Słowaccy ratownicy górscy poinformowali w środę, że lawina śnieżna zasypała dwóch skialpinistów w słowackiej części Tatr Zachodnich w czasie zjazdu z Hlińskiego Wierchu do Doliny Kamienistej. Jednego z nich, 25-latka nie udało się uratować.
Według relacji ratowników Górskiego Pogotowia Ratunkowego (Horska Zachranna Służba - HZS), skialpiniści, zjeżdżając żlebem w trzyosobowej grupie, sami wyzwolili lawinę, która porwała dwoje z nich, całkowicie ich zasypując. Wszyscy mieli tak zwane lawinowe ABC, czyli detektory, sondy i łopatki.
Zanim wezwani telefonicznie na ratunek ratownicy HZS dotarli na miejsce na pokładzie śmigłowca, niezasypany skialpinista za pomocą detektora lawinowego odnalazł i odkopał jednego towarzysza, który był metr pod zwałami śniegu. Mężczyzna po chwilowej utracie oddechu odzyskał przytomność.
Drugiego ze skialpinistów nie udało się uratować
Następnie obaj ruszyli na poszukiwania kolejnego zasypanego, którego udało się namierzyć detektorem i odkopać. Poszkodowany był półtora metra pod śniegiem. Kiedy został odkopany, był nieprzytomny. Mimo reanimacji i jej kontynuowaniu po przybyciu ratowników, nie udało się go uratować.

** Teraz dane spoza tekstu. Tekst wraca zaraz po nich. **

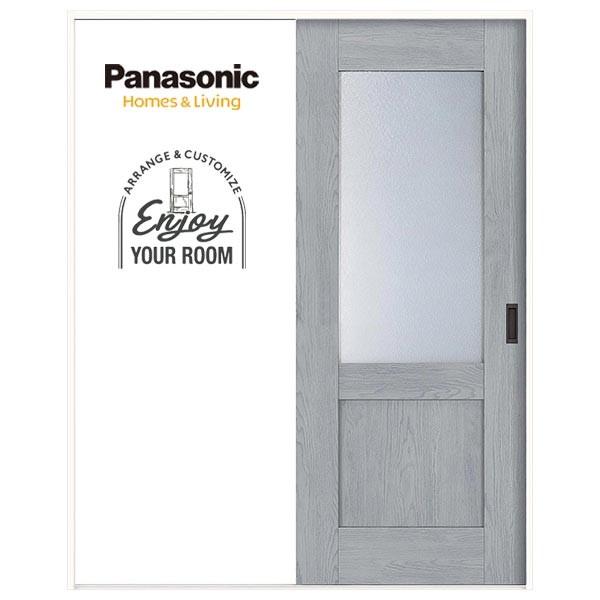 pi\jbN Ntg[x YˎԈ˃Zbg Ј(Y1) [fUCLF^Eg[܂]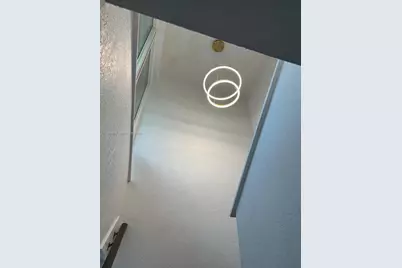 10916 SW 70th Ter, Miami, FL 33173 - Photo 15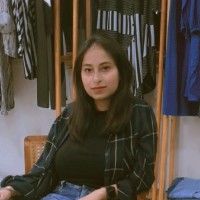 Garima Kathpal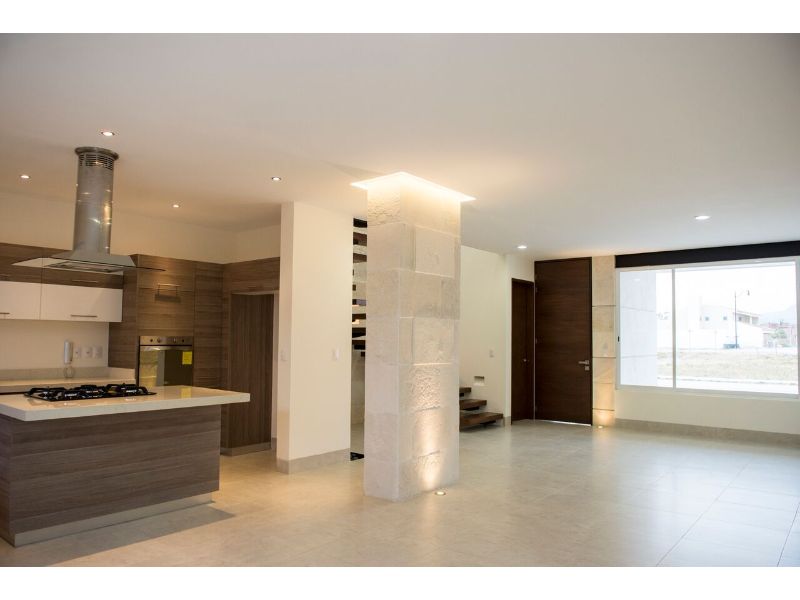 Constructora IIAM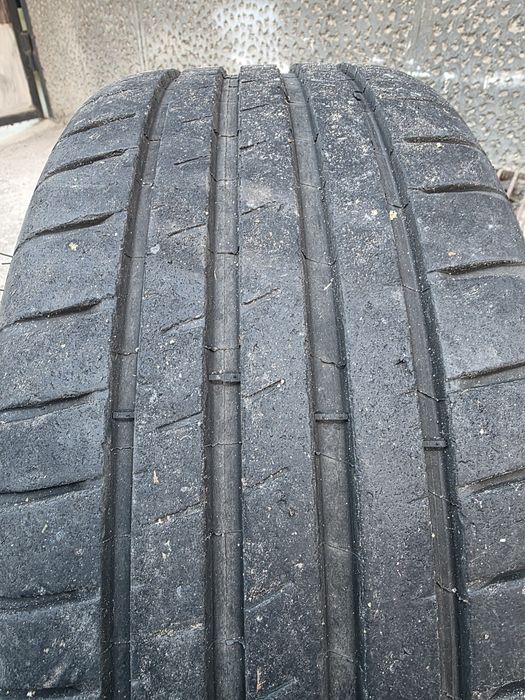 BMW 20 Style 373 F10 F11 F12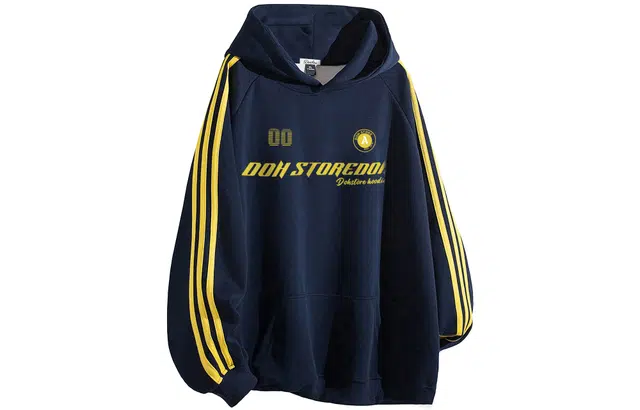 DOH STORE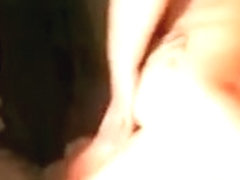 Versautes immature Paar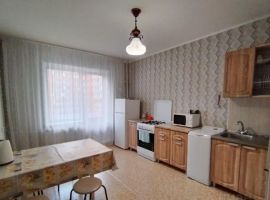 2-к кв. Курская область, Железногорск ул. Ленина, 63к2 (60.0 м²) - Ленина. Железногорск - фото 9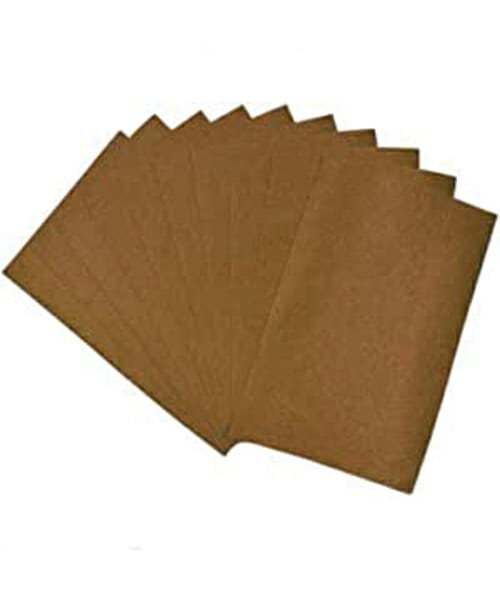Knead Wool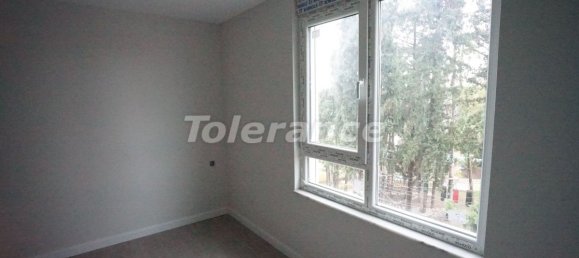 Apartment 2+1 in Antalya, Turkey No. 423 8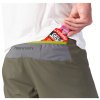 Hannah ASH SHORTS tea leaf 08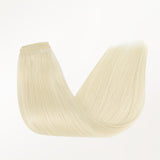 Wire Hair Extensions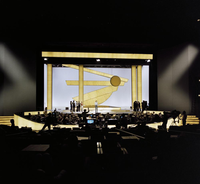 FTA001038268 020 con.png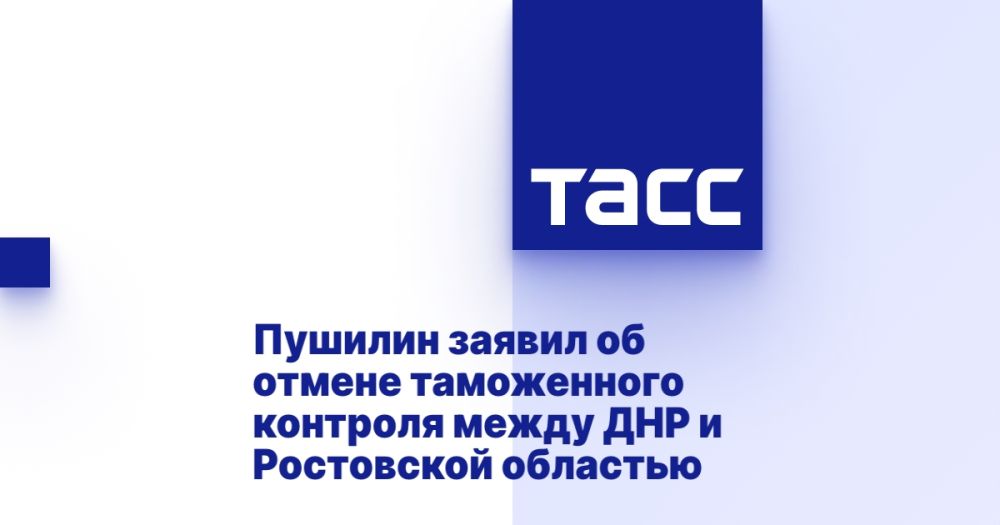 ������� ������ �� ������ ����������� �������� ����� ��� � ���������� ��������
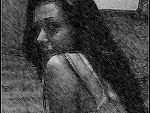 Fotoblog lussesita
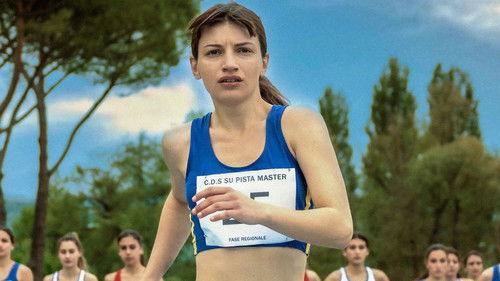 Takeaway filmas žiurėti online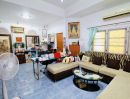 - ขายบ้านเดี่ยว 61 ตร.วา หมู่บ้านราชนุช14 ติดถนนสุขุมวิท ใกล้โรบินสัน บ้านฉาง ระยอง 2 กม.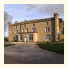 Thurnham Hall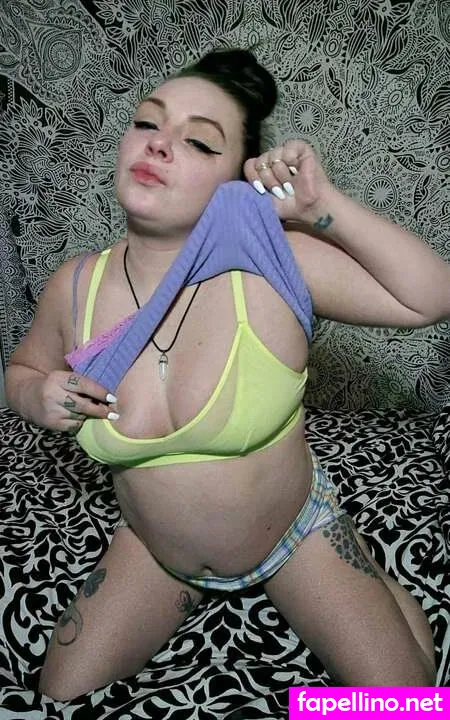 steffydee33 Nude Leaked OnlyFans Photo #AlDhiloEvC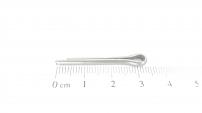 Stiga Cotter Pin
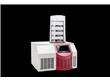 英诺INUO台式冷冻干燥机（IN-FD 10S）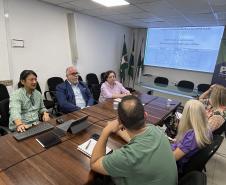 Saúde formaliza ampliação de plataforma para integração e gestão de dados do SUS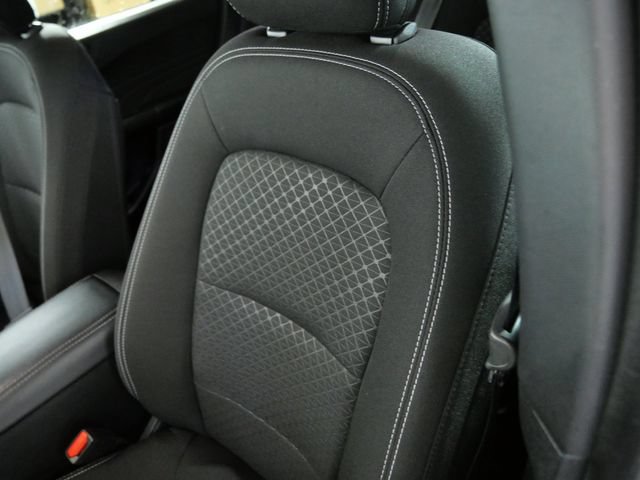 Certified 2025 Ford Escape Active AWD/4WD image 18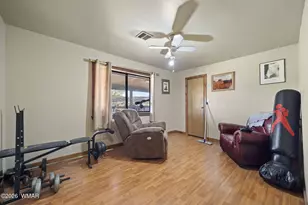 23 E Cr 4074 Dr, Springerville, AZ 85938 - Photo 19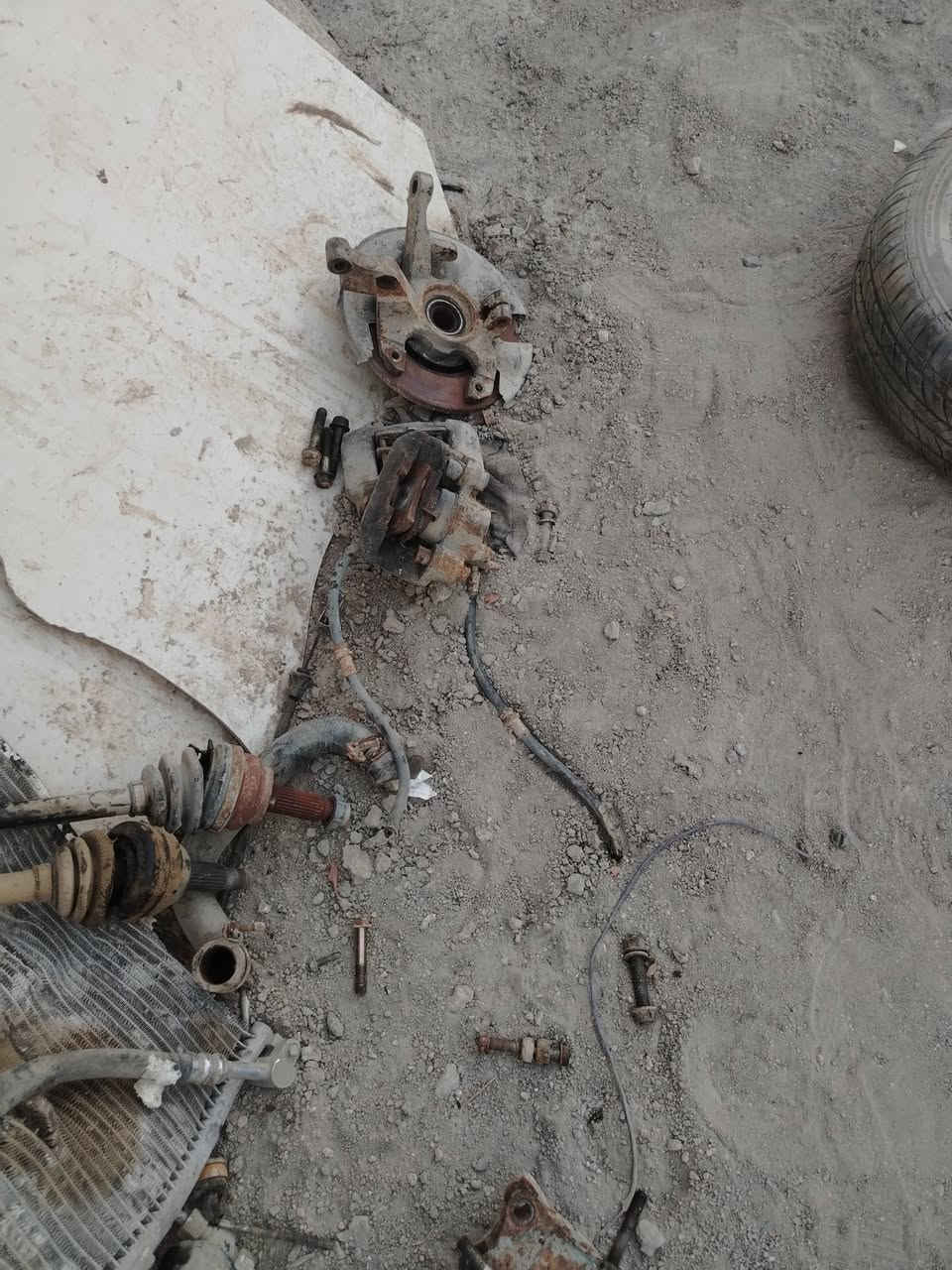 سلام عليكم من رخصه الادمن تم تفصيخ سايبه العنوان الوركاء الكرامه التواصل على رقم ***********
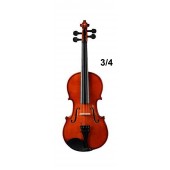 VIOLON 3/4  MEG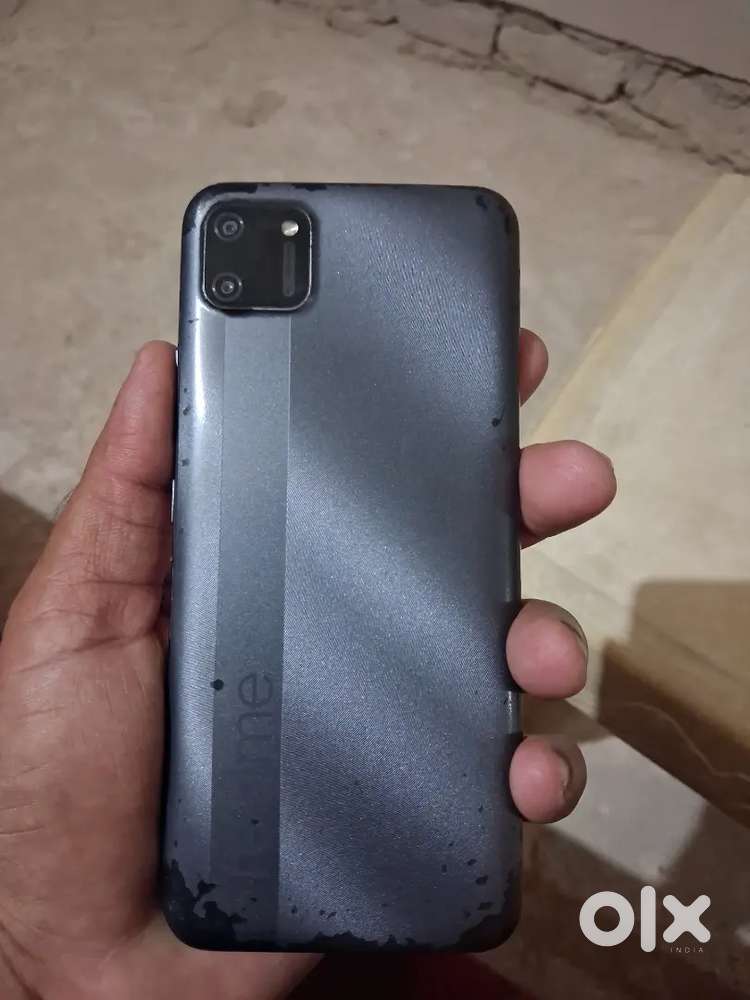 C11 mobile sell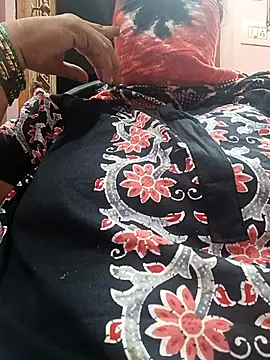 tamil queen 29 online show from July 2026 07:05:02 PM
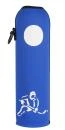 Termoobal Cooler Sport S10 L Termoobal Cooler Sport S10 L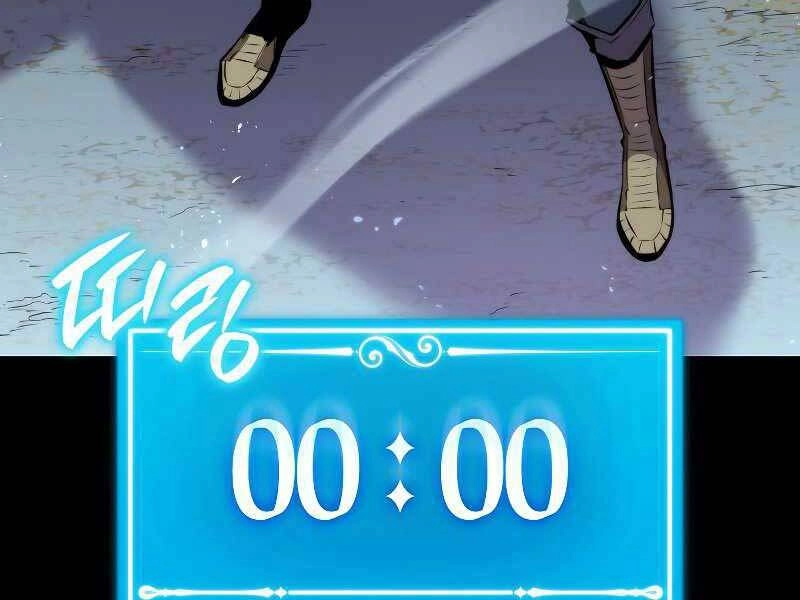 Ranker Mộng Du Chapter 32 - 165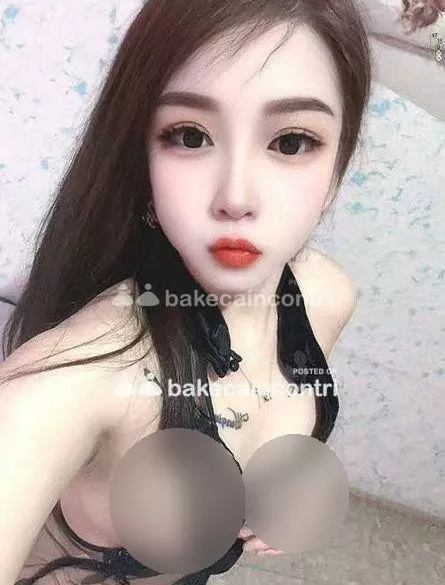 escort.it - 🍒 🌹100%FOTO OGGI NUOVA RAGAZZA ORIENTALE.SEXY BELLA ★POMPINO AL NATURALE + 69 + SCOPARE IN TUTTE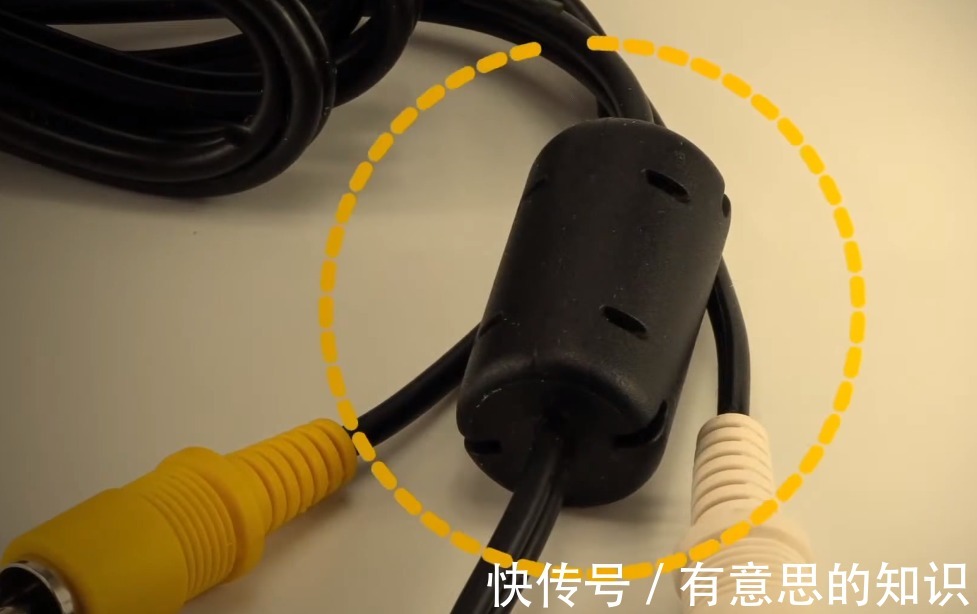 生活中常见的物品隐藏的你可能不知道的功能（1）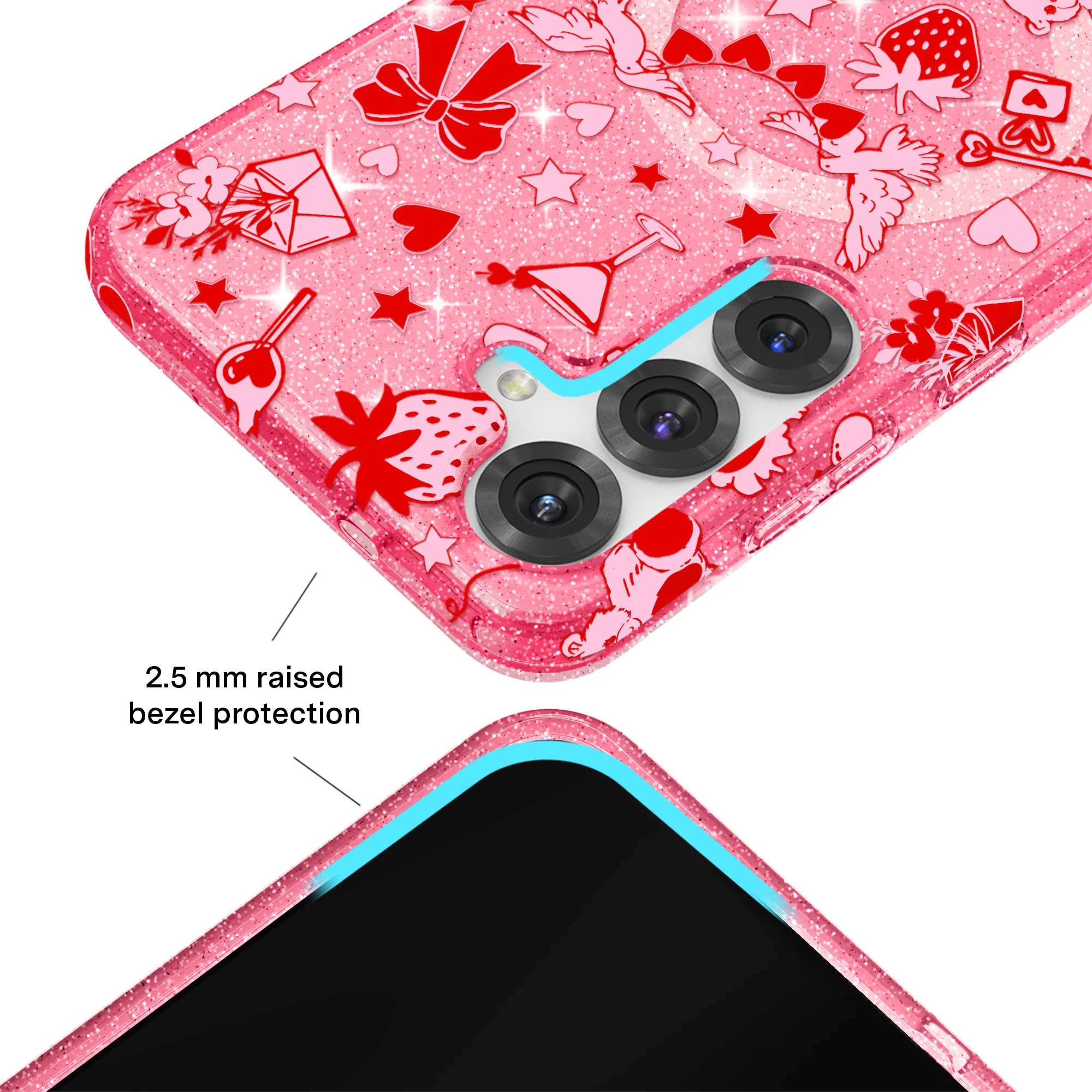 Product image 53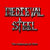The Anthology Of Steel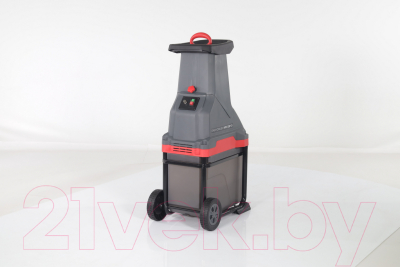 Садовый измельчитель электрический Geos MH 2810 Easy Crush / 213872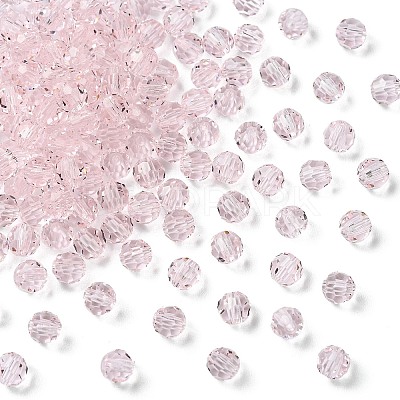 Preciosa® Crystal Beads X-PRC-BB5-70120-1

Poszkodowanego ratownicy przetransportowali do szpitala, a ciało 25-latka zostało przetransportowane na dół.
W Tatrach obowiązuje drugi, umiarkowany stopień zagrożenia lawinowego. Również w środę w polskiej części Tatr Zachodnich lawina śnieżna porwała dwóch turystów, jednak nic poważnego im się nie stało.